Wherever the listing holds a picture, leave it out, and copy the remainder exactly.

● DATASET SECTION
_ _ _ _ _
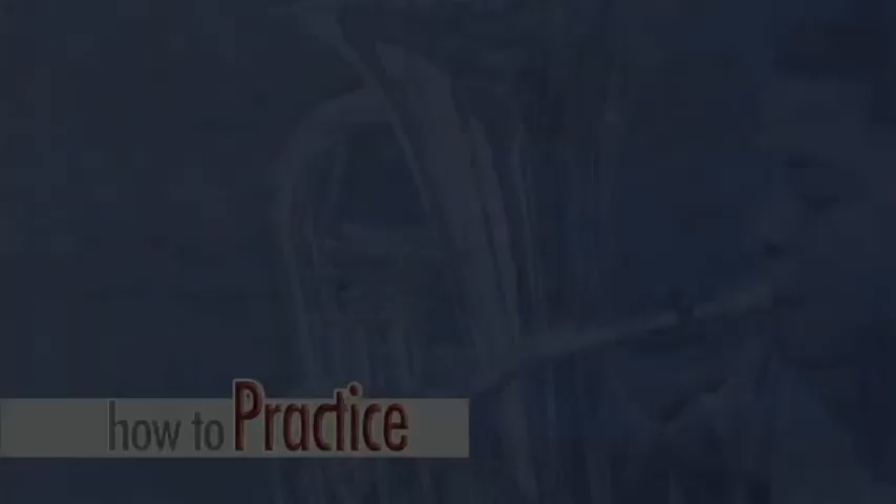How long should you practice? For beginners to one year of experience: 20 to 30 minutes a day, five sessions a week. Two to three years of playing experience: 30 to 45 minutes a day, five sessions a week. For players with four to five years of playing experience: 45 to 60 minutes a day, five to six sessions a week. The length of time and how many sessions a week will be dependent on the age and playing experience of the student. The important thing to remember is that if you practice efficiently and consistently, you will get better.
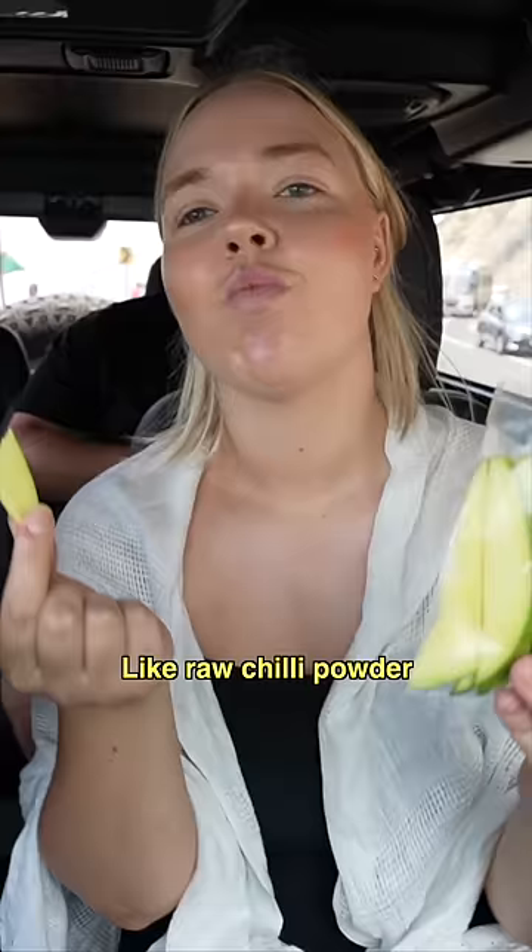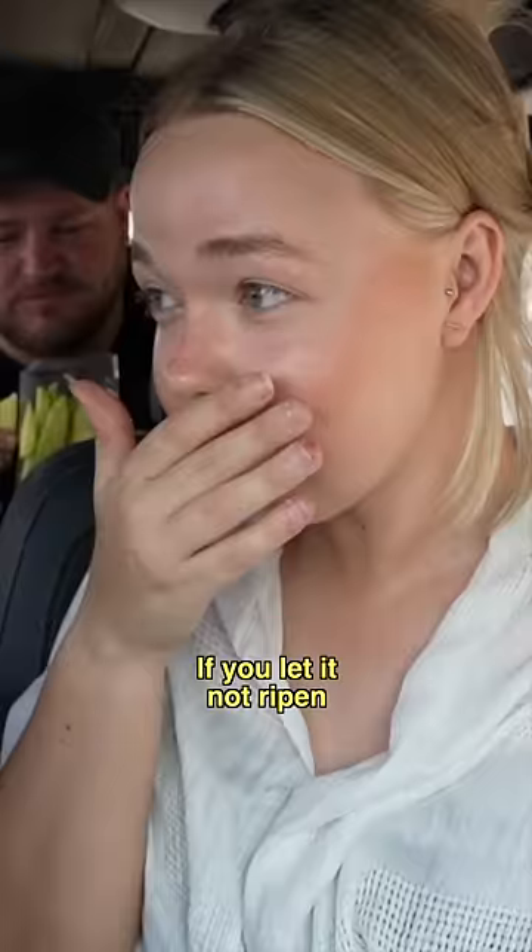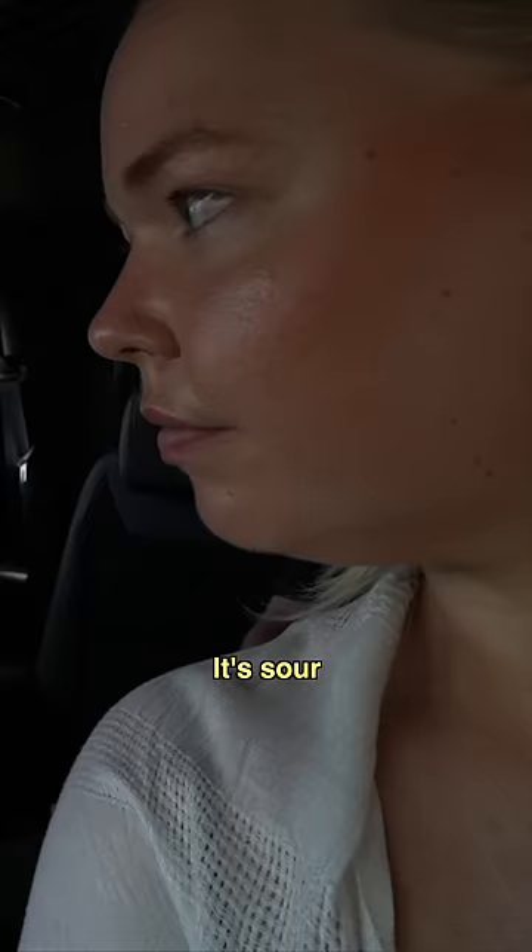Indian people usually put salt and chili powder — like raw chili powder — on it. It's not pickled, it's natural if you let it not ripen. Let me try it — yeah, I like it. Different tastes for different folks. Onwards to the next one.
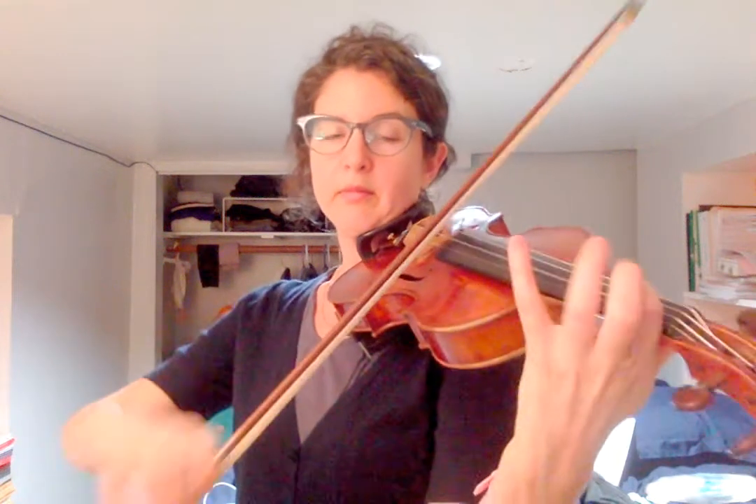So the whole first line sounds like this. Line number two — again, we want to save the bow a lot.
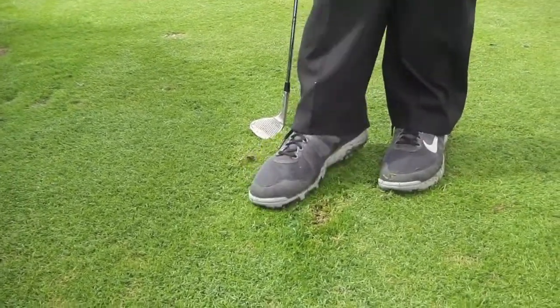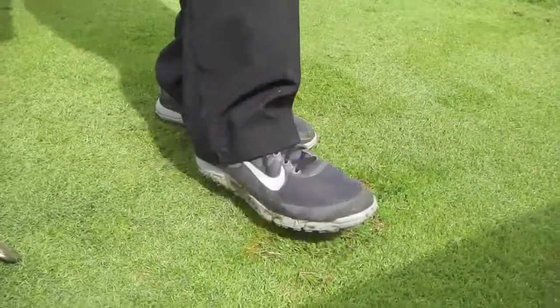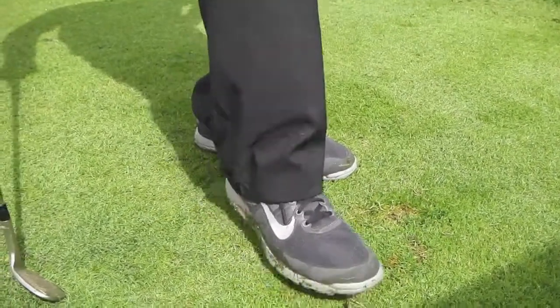The key is not to step too hard, because you don't want to ruin the grass underneath. Just kind of gently pat it down and let mother nature do the rest.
_ _ _ _ _
● YOUR RESPONSE
How long should you practice? For beginners to one year of experience: 20 to 30 minutes a day, five sessions a week. Two to three years of playing experience: 30 to 45 minutes a day, five sessions a week. For players with four to five years of playing experience: 45 to 60 minutes a day, five to six sessions a week. The length of time and how many sessions a week will be dependent on the age and playing experience of the student. The important thing to remember is that if you practice efficiently and consistently, you will get better.
Indian people usually put salt and chili powder — like raw chili powder — on it. It's not pickled, it's natural if you let it not ripen. Let me try it — yeah, I like it. Different tastes for different folks. Onwards to the next one.
So the whole first line sounds like this. Line number two — again, we want to save the bow a lot.
The key is not to step too hard, because you don't want to ruin the grass underneath. Just kind of gently pat it down and let mother nature do the rest.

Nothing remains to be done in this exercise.